EXCERPTED RECORDS:
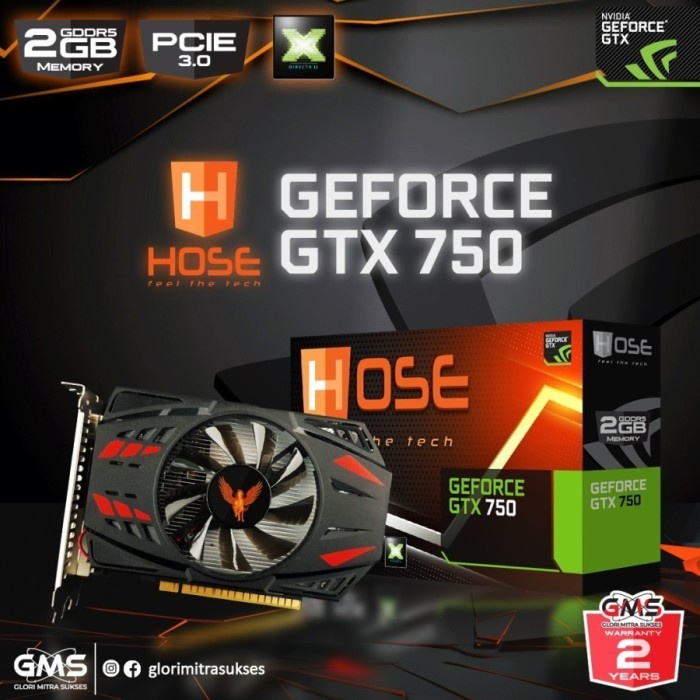 Vga Hose GTX 750 2GB Ddr5 - Hose Geforce GTX 750 2GB - Hose GTX750 2GB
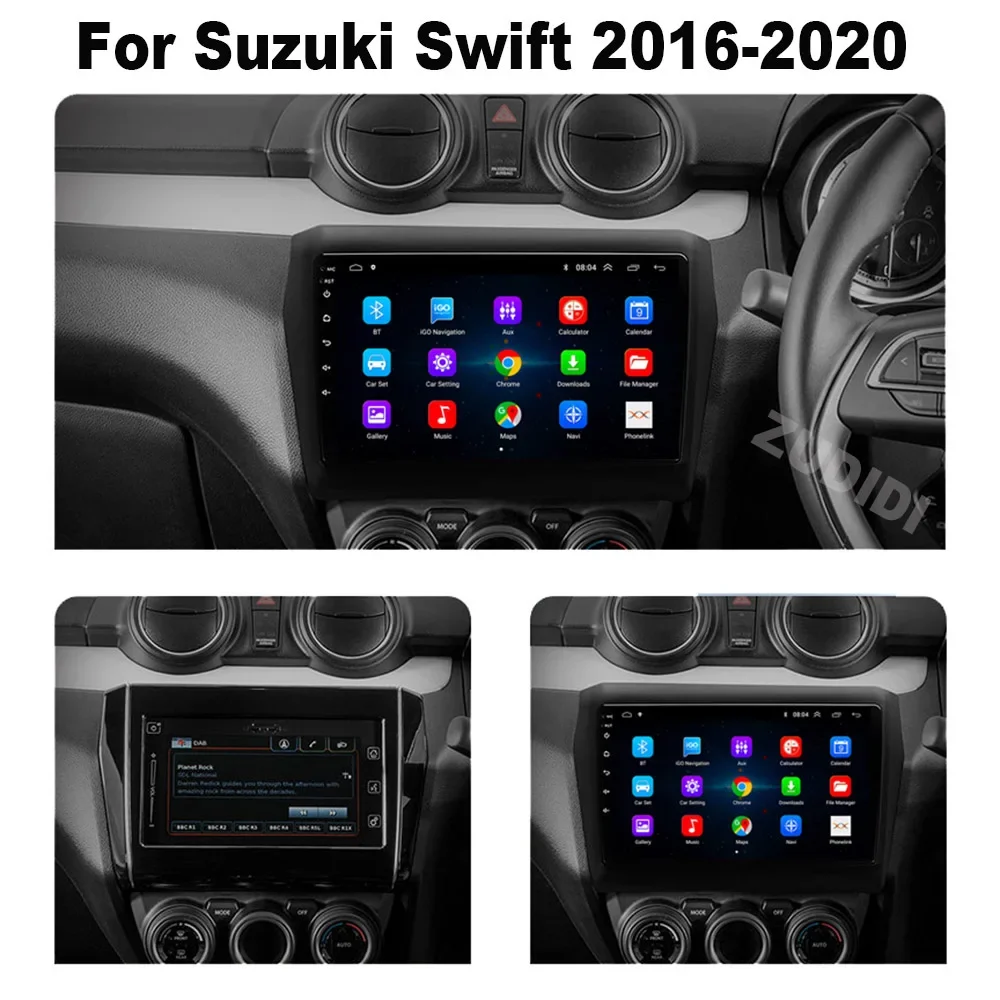 Android 13 For Suzuki Swift 2017 2018 2019 Car Radio Stereo Multimedia Navigation GPS Video Player DSP QLED Wireless Carplay 4G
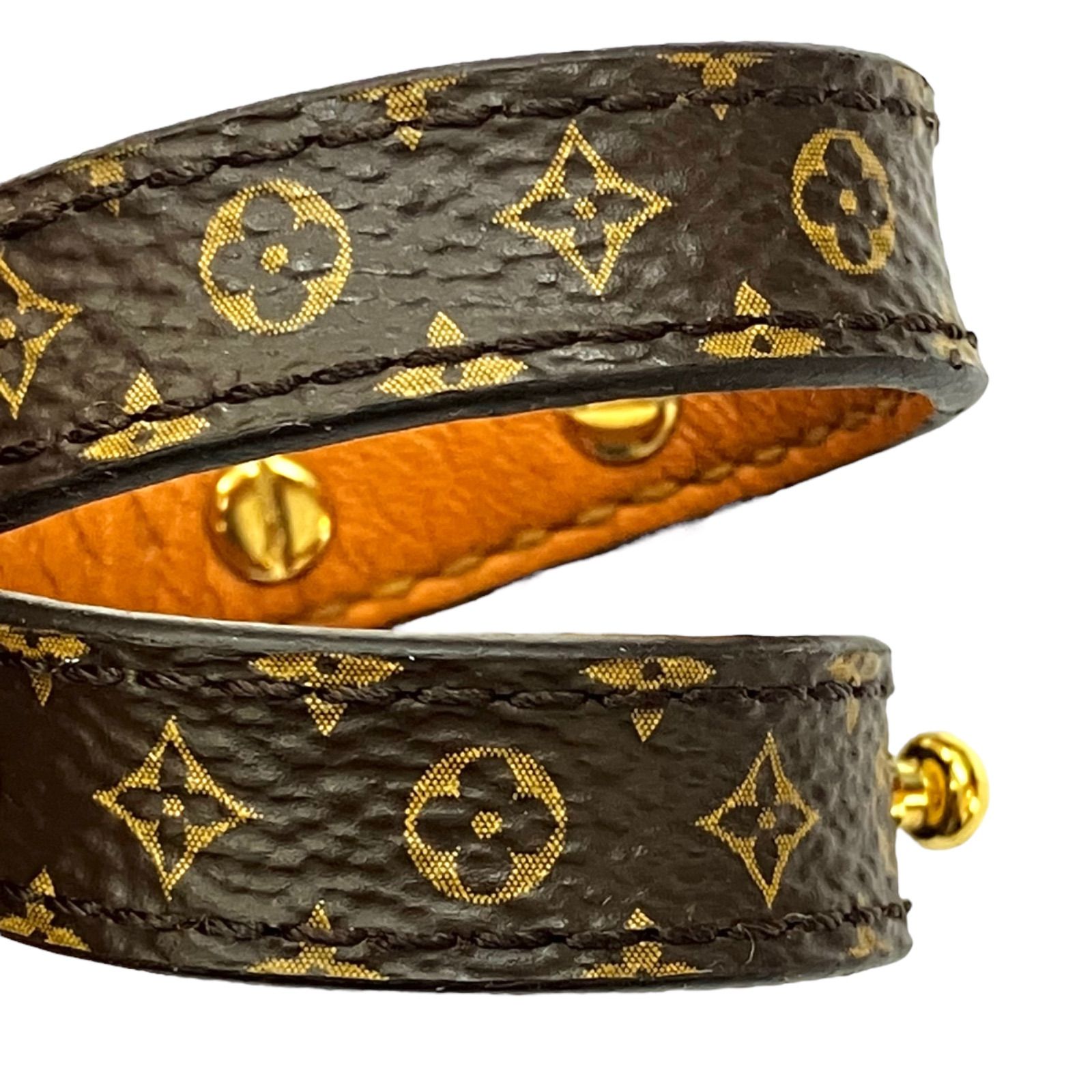 LOUIS VUITTON｜ルイヴィトン M4150 モノグラムブラスレロゴマニア ...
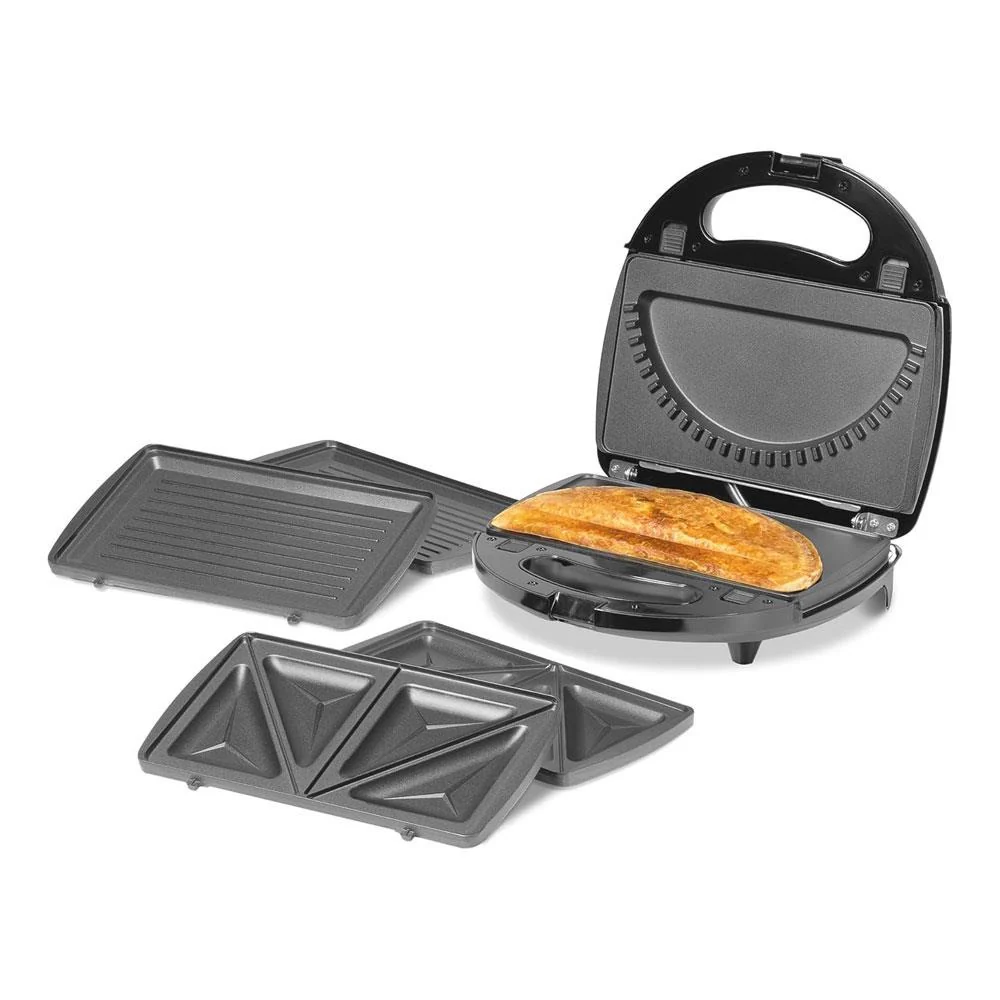Daewoo 3-in-1 Sandwich Maker | Interchangeable Plates, Panini & Crimp - Image 5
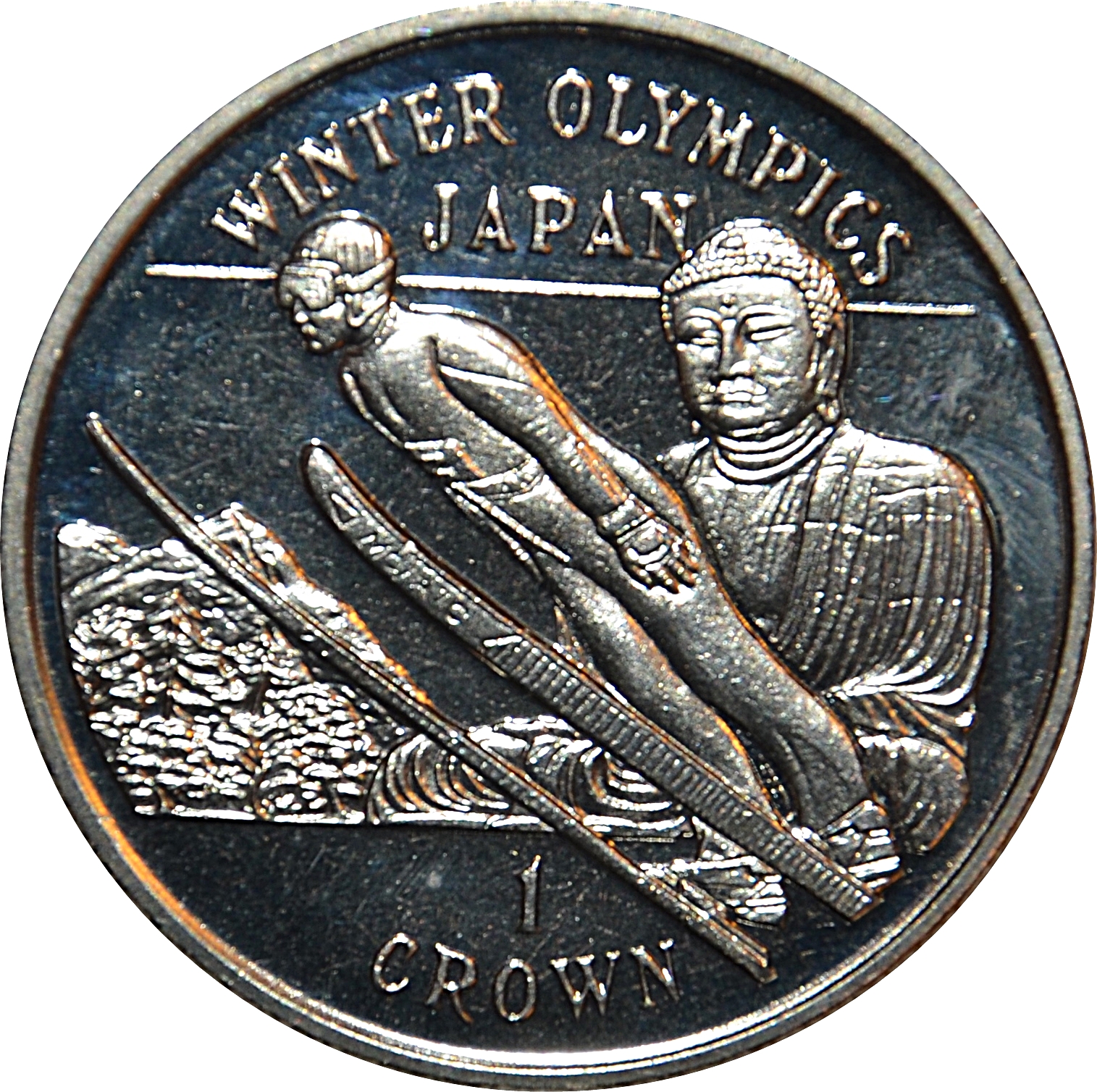 Gibraltar 1 Crown - Elizabeth II Ski jumper reverse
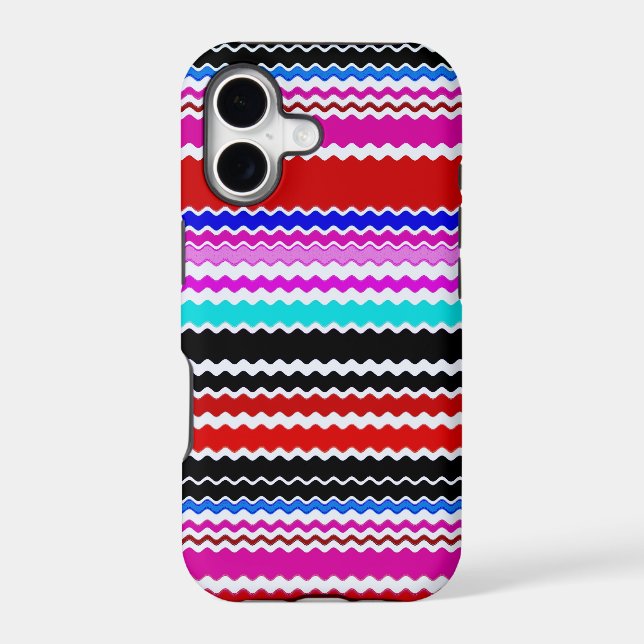 Colourful Chevron Striped Pattern 2 (Back)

WHAT YOU NEED TO DO:
Could you print the listing above exactly, without the pictures?

SOLUTION TO THIS TASK:
 Vga Hose GTX 750 2GB Ddr5 - Hose Geforce GTX 750 2GB - Hose GTX750 2GB
 Android 13 For Suzuki Swift 2017 2018 2019 Car Radio Stereo Multimedia Navigation GPS Video Player DSP QLED Wireless Carplay 4G
 LOUIS VUITTON｜ルイヴィトン M4150 モノグラムブラスレロゴマニア ...
Daewoo 3-in-1 Sandwich Maker | Interchangeable Plates, Panini & Crimp - Image 5
 Gibraltar 1 Crown - Elizabeth II Ski jumper reverse
 Colourful Chevron Striped Pattern 2 (Back)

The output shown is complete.